• _Task goal_: Print exactly the lines below between the line holding "Hand holding flowing sand in serene image." and the line holding "Side-lit mid-shot front", inclusive, and nothing more.

• _Records provided_:
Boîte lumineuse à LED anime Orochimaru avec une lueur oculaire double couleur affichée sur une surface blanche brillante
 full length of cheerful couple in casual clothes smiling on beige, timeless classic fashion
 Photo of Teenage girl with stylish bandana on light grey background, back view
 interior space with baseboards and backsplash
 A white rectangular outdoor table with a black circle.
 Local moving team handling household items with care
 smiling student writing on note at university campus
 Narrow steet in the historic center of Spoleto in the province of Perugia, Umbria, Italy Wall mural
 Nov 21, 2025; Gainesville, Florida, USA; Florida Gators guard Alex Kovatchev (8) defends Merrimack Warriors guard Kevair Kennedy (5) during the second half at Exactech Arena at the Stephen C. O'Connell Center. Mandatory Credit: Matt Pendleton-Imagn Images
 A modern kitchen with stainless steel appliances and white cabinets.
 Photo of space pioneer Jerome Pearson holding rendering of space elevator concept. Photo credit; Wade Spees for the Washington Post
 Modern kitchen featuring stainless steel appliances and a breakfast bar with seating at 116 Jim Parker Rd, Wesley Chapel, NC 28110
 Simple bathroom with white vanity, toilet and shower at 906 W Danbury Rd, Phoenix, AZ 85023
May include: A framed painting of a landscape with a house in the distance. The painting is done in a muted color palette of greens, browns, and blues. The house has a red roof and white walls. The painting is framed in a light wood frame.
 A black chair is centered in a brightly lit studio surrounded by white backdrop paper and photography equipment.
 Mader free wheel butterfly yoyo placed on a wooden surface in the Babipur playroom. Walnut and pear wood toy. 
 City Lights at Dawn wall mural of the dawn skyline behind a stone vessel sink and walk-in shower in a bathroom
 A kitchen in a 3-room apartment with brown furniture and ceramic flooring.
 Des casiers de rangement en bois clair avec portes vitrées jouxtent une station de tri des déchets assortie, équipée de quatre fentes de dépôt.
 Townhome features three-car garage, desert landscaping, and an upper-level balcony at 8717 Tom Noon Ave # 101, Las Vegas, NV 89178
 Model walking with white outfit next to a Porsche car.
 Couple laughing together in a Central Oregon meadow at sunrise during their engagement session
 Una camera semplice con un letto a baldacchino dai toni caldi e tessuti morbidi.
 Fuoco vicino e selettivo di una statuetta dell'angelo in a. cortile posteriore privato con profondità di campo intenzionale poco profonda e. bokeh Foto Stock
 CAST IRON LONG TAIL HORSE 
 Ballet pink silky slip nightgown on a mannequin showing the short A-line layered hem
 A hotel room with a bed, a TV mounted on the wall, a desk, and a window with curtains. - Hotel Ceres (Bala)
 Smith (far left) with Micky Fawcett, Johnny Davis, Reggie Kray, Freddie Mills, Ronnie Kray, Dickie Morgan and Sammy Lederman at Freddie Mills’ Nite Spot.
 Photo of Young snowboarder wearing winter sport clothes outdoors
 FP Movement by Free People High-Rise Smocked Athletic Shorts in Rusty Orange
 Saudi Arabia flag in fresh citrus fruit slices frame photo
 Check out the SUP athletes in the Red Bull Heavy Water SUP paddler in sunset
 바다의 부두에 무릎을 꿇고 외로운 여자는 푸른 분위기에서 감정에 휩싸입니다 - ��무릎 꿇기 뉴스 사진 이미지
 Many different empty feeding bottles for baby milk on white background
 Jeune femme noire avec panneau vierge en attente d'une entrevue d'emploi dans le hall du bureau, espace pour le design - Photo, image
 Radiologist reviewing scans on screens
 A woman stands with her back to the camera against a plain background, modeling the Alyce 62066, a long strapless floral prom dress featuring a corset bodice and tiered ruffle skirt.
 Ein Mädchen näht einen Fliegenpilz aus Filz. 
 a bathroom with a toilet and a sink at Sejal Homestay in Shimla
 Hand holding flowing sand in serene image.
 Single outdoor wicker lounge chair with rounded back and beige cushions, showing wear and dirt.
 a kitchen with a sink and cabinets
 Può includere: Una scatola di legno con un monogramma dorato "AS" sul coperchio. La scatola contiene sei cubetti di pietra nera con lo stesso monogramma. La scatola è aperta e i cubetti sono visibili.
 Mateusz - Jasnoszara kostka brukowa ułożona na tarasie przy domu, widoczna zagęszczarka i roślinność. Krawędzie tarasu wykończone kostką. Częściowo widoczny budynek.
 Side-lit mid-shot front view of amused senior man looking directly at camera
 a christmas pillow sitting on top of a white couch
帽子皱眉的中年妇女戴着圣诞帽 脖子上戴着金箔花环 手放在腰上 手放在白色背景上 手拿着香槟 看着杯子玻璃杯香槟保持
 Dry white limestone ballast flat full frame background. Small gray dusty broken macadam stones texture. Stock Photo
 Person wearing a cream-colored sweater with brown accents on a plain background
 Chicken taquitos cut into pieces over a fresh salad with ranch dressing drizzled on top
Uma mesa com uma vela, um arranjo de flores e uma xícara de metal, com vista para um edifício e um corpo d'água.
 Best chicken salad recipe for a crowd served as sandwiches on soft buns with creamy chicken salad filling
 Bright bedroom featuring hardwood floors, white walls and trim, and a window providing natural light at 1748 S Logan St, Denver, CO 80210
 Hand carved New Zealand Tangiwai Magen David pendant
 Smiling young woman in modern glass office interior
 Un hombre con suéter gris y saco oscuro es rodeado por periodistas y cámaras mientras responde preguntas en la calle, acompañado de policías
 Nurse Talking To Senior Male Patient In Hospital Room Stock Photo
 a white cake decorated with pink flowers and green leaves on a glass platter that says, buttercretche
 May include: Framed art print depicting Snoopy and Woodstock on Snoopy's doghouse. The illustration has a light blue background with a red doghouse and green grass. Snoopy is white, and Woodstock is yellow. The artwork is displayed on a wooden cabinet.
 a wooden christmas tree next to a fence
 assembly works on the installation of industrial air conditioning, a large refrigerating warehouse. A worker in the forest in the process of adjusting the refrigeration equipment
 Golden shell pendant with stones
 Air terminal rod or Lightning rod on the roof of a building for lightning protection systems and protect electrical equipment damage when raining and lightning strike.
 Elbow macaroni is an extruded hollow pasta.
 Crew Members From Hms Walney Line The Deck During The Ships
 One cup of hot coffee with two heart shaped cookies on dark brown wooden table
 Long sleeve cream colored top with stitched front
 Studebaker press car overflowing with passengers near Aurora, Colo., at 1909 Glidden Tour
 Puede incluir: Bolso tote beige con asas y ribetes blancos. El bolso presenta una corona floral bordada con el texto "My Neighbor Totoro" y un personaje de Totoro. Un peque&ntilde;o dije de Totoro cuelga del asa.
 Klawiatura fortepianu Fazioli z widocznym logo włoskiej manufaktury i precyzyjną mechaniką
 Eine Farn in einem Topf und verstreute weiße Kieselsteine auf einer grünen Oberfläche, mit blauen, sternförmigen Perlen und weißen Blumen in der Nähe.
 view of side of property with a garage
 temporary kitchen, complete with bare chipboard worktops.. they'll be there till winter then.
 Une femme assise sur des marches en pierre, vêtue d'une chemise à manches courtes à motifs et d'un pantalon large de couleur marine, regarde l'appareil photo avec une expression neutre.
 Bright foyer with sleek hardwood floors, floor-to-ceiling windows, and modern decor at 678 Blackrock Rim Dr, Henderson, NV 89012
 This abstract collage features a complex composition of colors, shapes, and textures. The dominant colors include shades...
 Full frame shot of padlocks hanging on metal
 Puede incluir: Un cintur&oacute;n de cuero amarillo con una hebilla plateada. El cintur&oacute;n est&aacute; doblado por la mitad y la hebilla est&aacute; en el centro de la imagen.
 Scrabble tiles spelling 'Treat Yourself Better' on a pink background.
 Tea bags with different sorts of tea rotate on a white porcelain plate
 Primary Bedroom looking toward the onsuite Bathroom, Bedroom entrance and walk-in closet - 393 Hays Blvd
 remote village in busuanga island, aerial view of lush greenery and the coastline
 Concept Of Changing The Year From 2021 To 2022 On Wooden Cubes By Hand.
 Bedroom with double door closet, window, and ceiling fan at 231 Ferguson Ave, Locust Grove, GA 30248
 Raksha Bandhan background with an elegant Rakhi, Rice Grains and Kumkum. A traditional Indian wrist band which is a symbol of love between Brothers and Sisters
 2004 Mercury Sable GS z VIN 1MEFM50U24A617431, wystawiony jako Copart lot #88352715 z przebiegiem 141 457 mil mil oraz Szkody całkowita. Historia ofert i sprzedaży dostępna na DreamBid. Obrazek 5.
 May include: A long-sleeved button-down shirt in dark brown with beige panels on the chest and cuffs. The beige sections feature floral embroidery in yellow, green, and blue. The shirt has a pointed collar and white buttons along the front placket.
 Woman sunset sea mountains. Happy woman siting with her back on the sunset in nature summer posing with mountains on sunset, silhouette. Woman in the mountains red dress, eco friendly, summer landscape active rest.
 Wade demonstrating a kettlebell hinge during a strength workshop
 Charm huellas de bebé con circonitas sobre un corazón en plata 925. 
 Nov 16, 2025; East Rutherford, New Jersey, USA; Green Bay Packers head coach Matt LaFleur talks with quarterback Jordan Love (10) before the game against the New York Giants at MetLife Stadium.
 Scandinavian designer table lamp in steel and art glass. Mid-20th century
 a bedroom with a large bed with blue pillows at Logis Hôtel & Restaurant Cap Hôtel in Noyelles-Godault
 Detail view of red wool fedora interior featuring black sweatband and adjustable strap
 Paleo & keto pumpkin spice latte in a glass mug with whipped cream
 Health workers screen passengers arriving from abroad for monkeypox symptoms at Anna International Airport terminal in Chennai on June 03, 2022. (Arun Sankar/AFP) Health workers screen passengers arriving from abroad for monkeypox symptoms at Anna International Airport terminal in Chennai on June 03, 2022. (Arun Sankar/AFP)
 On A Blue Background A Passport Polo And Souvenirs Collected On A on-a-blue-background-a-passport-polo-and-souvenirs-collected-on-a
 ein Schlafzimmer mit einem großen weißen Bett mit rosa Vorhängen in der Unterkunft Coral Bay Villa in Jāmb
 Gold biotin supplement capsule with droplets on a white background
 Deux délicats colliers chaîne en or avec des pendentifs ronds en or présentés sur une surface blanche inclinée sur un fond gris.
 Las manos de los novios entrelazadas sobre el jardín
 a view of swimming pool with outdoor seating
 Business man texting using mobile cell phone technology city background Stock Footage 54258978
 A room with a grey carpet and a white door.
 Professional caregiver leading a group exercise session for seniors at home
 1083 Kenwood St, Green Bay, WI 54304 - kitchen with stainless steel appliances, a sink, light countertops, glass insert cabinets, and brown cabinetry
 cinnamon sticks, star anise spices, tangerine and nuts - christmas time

• _Solution for this task_:
 Hand holding flowing sand in serene image.
 Single outdoor wicker lounge chair with rounded back and beige cushions, showing wear and dirt.
 a kitchen with a sink and cabinets
 Può includere: Una scatola di legno con un monogramma dorato "AS" sul coperchio. La scatola contiene sei cubetti di pietra nera con lo stesso monogramma. La scatola è aperta e i cubetti sono visibili.
 Mateusz - Jasnoszara kostka brukowa ułożona na tarasie przy domu, widoczna zagęszczarka i roślinność. Krawędzie tarasu wykończone kostką. Częściowo widoczny budynek.
 Side-lit mid-shot front view of amused senior man looking directly at camera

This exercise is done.